On Good Friday, congregants and friends of Berkey Avenue Mennonite Fellowship in Goshen, Ind., began planting trees on an acre of land behind the church building. Bare-root seedlings, not more than 2 years old, were placed in the soil. Each vulnerable tree touched a person as it went into the ground. By the end of the Easter weekend, 700 trees, representing 17 species, were in the earth.
This bit of ground was part of a three-acre plot the church purchased in 2007. Some of it was used to create a large community garden. Another portion was seeded to wildflowers. The back acre was left to be mowed.
The land is surrounded on two sides by residential development and on a third by farmland.

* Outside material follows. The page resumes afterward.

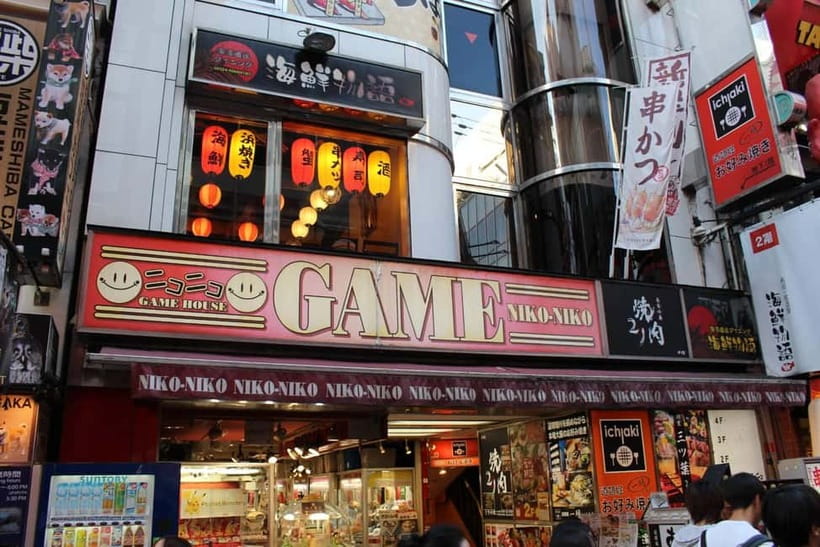 Osaka Dotonbori: Hand Roll Sushi Experience - Why the tatami setting matters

At one time, this land must have been farmed, too, along with the rest of the neighborhood. And before that, it would have held forest, wetland and forested wetland.
And now an acre is being returned to trees.
Why?
James Yoder, who attends the church, saw an opportunity. While the garden and wildflowers represented certain aspects of church life and church values, something was missing. A committee to develop a memorial garden plan on the south end of the three-acre space was already in place. But how could the entire space be used as an outdoor sanctuary, consistent with the congregation’s mission of being a welcoming place to its neighbors?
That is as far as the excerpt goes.